Merging
Say you’re interested in how economic development affects democracy across countries, but all you have are two separate datasets on these two factors. What you need to do is to combine the two. When you’re done with this, you also need information on what world region each country is located in. These tasks can be accomplished with one-to-one merging and one-to-many merging.
One-to-one merging
To illustrate, say you had two datasets that look like this:
# Generate toy dataset 1:
demo <- data.frame(
country = c("USA", "Albania", "Turkey", "China", "Sudan"),
democracy_score = c(19, 16, 16, 5, 10)
)
demo
## country democracy_score
## 1 USA 19
## 2 Albania 16
## 3 Turkey 16
## 4 China 5
## 5 Sudan 10
# Generate toy dataset 2:
econ <- data.frame(
country = c("China", "Albania", "Turkey", "USA", "Sudan"),
gdp_pc = c(12000, 10000, 9000, 20000, 500)
)
econ
## country gdp_pc
## 1 China 12000
## 2 Albania 10000
## 3 Turkey 9000
## 4 USA 20000
## 5 Sudan 500
We can merge these datasets using R’s merge()
command, where by
specifies the variable the two datasets has in common (usually called an “ID” variable):
df <- merge(demo, econ, by = "country")
df
## country democracy_score gdp_pc
## 1 Albania 16 10000
## 2 China 5 12000
## 3 Sudan 10 500
## 4 Turkey 16 9000
## 5 USA 19 20000
You can merge on more than one variable.
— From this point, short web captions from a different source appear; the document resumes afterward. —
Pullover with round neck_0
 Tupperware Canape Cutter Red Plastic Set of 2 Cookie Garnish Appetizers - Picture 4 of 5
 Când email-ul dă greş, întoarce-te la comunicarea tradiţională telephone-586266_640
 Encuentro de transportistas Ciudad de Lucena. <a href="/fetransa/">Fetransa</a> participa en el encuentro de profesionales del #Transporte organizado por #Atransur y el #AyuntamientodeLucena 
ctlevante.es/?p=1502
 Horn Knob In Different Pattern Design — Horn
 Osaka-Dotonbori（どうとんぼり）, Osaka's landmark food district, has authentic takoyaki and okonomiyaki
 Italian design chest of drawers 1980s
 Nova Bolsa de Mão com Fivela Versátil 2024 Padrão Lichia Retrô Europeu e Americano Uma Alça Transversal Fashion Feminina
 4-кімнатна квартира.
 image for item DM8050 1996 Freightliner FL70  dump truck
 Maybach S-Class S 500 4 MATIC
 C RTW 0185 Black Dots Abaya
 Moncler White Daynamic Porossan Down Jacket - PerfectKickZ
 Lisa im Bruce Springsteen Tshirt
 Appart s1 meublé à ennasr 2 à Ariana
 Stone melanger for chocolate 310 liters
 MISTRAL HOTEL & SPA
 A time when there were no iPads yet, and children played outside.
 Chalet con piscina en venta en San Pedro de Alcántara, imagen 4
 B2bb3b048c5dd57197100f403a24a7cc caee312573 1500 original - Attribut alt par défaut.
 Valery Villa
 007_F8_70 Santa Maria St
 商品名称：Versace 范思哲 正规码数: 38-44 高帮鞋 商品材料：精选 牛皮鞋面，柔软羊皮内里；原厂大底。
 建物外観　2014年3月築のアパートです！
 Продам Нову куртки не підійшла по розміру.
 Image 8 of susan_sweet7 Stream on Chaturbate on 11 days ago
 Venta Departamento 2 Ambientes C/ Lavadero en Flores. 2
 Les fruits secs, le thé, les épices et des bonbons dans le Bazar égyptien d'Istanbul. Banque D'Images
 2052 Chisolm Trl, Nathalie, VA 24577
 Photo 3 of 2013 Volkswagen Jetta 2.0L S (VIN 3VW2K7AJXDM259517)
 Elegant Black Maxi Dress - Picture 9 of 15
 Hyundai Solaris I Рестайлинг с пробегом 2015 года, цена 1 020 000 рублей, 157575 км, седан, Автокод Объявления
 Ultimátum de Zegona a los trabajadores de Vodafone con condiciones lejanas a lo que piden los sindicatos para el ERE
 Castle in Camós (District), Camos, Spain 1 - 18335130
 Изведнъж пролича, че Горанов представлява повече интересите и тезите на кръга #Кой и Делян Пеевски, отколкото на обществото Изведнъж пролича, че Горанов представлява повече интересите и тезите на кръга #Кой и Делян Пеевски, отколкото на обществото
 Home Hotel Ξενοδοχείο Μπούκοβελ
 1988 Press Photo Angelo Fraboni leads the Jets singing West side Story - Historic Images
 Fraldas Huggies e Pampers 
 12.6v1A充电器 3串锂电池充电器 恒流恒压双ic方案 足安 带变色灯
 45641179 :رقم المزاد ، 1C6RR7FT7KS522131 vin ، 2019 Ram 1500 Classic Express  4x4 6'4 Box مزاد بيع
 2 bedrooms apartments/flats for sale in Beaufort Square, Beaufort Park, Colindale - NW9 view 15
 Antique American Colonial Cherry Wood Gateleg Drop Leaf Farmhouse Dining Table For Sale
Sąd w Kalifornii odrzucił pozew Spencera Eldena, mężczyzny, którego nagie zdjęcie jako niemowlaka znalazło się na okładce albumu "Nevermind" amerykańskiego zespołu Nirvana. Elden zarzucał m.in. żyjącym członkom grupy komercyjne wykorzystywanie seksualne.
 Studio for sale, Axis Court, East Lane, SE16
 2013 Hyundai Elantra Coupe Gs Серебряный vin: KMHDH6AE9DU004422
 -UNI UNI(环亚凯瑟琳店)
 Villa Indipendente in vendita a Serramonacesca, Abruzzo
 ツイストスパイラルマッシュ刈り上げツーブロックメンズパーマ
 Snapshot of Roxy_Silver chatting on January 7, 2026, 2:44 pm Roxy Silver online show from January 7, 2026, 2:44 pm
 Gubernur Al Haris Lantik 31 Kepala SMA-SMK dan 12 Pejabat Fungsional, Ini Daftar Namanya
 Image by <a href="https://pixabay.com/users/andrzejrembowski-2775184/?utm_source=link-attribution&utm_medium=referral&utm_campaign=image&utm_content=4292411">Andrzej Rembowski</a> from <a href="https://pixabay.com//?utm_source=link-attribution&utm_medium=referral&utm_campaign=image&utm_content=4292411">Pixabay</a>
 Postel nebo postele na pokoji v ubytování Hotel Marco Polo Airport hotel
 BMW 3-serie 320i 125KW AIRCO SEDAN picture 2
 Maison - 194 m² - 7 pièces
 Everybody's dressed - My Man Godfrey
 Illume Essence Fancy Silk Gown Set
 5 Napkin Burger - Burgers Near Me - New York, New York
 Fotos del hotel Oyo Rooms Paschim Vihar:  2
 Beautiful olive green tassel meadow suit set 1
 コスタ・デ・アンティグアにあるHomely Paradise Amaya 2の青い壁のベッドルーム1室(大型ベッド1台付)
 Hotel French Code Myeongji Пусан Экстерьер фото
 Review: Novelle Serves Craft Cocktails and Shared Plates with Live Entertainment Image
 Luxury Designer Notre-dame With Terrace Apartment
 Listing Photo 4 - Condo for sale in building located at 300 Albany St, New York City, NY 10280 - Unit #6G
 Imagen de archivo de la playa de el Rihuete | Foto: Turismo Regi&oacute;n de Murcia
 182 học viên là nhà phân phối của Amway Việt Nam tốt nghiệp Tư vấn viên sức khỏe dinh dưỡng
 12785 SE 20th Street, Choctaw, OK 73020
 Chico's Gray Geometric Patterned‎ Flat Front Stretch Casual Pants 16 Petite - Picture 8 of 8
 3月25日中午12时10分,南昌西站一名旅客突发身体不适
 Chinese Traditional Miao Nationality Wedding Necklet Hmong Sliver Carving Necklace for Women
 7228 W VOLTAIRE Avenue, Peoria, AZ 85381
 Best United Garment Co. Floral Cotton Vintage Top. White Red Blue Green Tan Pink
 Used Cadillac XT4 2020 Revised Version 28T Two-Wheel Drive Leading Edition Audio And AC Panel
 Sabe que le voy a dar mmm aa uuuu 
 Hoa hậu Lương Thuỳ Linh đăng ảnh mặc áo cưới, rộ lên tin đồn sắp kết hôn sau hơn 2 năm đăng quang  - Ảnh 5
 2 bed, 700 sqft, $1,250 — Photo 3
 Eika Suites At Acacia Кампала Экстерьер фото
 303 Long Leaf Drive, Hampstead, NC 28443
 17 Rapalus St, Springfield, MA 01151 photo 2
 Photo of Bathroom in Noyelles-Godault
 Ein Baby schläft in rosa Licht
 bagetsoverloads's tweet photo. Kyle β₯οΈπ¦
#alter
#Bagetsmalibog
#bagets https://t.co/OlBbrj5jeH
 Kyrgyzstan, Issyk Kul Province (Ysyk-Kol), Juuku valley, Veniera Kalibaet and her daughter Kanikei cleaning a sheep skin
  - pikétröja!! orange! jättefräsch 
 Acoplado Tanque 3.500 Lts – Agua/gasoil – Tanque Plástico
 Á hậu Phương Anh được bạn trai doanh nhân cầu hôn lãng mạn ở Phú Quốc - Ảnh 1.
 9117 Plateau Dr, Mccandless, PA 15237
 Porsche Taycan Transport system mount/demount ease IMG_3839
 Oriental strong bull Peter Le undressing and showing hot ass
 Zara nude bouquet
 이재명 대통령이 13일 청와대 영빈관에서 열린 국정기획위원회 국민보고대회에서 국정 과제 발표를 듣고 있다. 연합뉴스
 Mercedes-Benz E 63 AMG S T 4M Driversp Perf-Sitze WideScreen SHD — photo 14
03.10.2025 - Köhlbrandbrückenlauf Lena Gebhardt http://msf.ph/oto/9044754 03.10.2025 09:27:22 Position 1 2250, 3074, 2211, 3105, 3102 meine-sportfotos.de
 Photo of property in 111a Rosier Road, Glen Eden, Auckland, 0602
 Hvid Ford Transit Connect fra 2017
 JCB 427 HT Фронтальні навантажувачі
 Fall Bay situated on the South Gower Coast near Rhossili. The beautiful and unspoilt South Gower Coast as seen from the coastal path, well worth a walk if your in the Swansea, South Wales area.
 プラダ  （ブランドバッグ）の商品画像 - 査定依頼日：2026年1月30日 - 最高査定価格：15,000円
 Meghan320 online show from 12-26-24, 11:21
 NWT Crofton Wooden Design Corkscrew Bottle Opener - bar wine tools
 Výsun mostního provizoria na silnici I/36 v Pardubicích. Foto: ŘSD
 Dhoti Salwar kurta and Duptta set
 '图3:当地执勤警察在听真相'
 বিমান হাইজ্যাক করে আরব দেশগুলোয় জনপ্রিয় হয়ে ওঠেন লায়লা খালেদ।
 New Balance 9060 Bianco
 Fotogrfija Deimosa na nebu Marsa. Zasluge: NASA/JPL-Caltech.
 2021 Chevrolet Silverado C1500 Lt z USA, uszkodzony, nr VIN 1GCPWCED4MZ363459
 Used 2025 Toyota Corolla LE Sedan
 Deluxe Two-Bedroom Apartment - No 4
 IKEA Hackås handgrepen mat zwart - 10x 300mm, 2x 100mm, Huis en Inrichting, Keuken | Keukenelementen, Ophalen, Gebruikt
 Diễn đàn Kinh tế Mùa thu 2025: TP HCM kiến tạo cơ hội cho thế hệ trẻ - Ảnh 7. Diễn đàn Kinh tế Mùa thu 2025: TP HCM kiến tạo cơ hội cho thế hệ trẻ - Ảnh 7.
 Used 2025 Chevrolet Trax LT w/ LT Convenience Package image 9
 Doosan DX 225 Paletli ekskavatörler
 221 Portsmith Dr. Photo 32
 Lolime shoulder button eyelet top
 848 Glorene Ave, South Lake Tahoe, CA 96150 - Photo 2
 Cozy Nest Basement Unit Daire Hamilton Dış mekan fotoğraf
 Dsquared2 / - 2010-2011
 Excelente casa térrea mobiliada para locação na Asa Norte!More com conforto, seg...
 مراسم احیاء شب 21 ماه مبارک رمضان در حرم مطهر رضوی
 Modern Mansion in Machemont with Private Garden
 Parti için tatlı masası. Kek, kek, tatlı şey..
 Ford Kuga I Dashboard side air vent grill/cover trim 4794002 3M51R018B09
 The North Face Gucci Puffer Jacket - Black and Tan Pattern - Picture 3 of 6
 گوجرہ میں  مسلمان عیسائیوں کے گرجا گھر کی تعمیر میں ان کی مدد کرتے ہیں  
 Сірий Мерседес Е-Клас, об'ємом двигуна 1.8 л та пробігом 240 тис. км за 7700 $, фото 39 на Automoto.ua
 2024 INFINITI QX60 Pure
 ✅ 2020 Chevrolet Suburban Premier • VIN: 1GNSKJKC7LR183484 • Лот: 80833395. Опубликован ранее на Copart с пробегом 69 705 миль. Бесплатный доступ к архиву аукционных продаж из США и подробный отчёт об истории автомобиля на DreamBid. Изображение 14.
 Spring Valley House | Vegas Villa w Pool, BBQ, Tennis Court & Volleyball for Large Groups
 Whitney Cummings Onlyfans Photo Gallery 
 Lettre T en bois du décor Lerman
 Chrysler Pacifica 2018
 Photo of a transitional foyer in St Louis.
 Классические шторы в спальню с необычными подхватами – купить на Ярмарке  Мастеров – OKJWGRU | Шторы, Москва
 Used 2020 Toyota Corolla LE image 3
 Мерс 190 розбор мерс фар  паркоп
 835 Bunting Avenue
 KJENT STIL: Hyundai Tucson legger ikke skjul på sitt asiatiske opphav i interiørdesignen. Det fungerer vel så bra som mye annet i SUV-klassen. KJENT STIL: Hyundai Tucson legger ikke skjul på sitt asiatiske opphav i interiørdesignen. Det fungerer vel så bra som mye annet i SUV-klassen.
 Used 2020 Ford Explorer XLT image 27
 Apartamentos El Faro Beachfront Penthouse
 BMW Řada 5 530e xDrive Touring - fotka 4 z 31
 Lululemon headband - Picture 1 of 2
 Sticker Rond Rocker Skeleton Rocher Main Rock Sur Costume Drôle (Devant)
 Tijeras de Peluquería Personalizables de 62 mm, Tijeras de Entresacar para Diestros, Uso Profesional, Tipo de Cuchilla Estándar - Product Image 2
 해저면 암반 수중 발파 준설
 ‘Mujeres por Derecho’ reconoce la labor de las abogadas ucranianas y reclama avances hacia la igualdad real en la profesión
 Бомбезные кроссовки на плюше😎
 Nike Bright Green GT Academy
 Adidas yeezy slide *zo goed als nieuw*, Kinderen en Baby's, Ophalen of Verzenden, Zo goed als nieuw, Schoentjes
Say you had two datasets that look like this:
# Generate toy dataset 1:
demo <- data.frame(
expand.grid(country = c("USA", "China", "Sudan"), year = 1994:1996),
democracy_score = round(runif(9, 0, 20), 0)
)
demo
## country year democracy_score
## 1 USA 1994 9
## 2 China 1994 10
## 3 Sudan 1994 4
## 4 USA 1995 19
## 5 China 1995 7
## 6 Sudan 1995 17
## 7 USA 1996 16
## 8 China 1996 13
## 9 Sudan 1996 5
# Generate toy dataset 2:
econ <- data.frame(
expand.grid(year = 1994:1996, country = c("USA", "China", "Sudan")),
gdp_pc = round(runif(9, 1000, 20000), 0)
)
econ
## year country gdp_pc
## 1 1994 USA 10230
## 2 1995 USA 11714
## 3 1996 USA 11904
## 4 1994 China 9735
## 5 1995 China 2908
## 6 1996 China 9009
## 7 1994 Sudan 8489
## 8 1995 Sudan 17027
## 9 1996 Sudan 19729
merge(demo, econ, by = c("country", "year"))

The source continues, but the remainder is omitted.